> _Problem details_
All lines from the one containing "Réplica de Botella" through the last line below must be duplicated exactly, with nothing outside that span.
______
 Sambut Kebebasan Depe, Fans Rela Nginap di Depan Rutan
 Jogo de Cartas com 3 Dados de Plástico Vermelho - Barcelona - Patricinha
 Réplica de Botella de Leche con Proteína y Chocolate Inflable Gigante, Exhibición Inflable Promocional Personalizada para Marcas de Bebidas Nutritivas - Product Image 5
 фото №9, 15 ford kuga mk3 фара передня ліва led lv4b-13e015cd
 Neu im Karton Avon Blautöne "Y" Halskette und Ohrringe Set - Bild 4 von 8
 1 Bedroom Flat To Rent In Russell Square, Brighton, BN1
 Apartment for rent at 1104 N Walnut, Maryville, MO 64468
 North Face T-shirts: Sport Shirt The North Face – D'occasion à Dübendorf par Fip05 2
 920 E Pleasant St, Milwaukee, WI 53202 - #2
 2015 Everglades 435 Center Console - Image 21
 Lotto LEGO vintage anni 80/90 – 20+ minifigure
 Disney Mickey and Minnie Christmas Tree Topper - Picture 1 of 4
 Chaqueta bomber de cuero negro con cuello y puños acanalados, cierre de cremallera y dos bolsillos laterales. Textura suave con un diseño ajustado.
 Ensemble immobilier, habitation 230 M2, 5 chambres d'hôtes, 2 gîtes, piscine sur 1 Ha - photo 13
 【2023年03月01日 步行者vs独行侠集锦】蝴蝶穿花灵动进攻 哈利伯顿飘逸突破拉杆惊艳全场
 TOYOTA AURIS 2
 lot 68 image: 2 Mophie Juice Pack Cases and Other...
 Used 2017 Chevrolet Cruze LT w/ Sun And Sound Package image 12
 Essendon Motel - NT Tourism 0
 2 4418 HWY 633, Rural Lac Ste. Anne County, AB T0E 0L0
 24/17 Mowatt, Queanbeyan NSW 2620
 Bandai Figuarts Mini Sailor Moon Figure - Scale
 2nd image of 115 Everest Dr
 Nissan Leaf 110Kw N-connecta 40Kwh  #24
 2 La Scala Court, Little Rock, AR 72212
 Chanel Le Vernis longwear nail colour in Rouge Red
______
> _Output_
 Réplica de Botella de Leche con Proteína y Chocolate Inflable Gigante, Exhibición Inflable Promocional Personalizada para Marcas de Bebidas Nutritivas - Product Image 5
 фото №9, 15 ford kuga mk3 фара передня ліва led lv4b-13e015cd
 Neu im Karton Avon Blautöne "Y" Halskette und Ohrringe Set - Bild 4 von 8
 1 Bedroom Flat To Rent In Russell Square, Brighton, BN1
 Apartment for rent at 1104 N Walnut, Maryville, MO 64468
 North Face T-shirts: Sport Shirt The North Face – D'occasion à Dübendorf par Fip05 2
 920 E Pleasant St, Milwaukee, WI 53202 - #2
 2015 Everglades 435 Center Console - Image 21
 Lotto LEGO vintage anni 80/90 – 20+ minifigure
 Disney Mickey and Minnie Christmas Tree Topper - Picture 1 of 4
 Chaqueta bomber de cuero negro con cuello y puños acanalados, cierre de cremallera y dos bolsillos laterales. Textura suave con un diseño ajustado.
 Ensemble immobilier, habitation 230 M2, 5 chambres d'hôtes, 2 gîtes, piscine sur 1 Ha - photo 13
 【2023年03月01日 步行者vs独行侠集锦】蝴蝶穿花灵动进攻 哈利伯顿飘逸突破拉杆惊艳全场
 TOYOTA AURIS 2
 lot 68 image: 2 Mophie Juice Pack Cases and Other...
 Used 2017 Chevrolet Cruze LT w/ Sun And Sound Package image 12
 Essendon Motel - NT Tourism 0
 2 4418 HWY 633, Rural Lac Ste. Anne County, AB T0E 0L0
 24/17 Mowatt, Queanbeyan NSW 2620
 Bandai Figuarts Mini Sailor Moon Figure - Scale
 2nd image of 115 Everest Dr
 Nissan Leaf 110Kw N-connecta 40Kwh  #24
 2 La Scala Court, Little Rock, AR 72212
 Chanel Le Vernis longwear nail colour in Rouge Red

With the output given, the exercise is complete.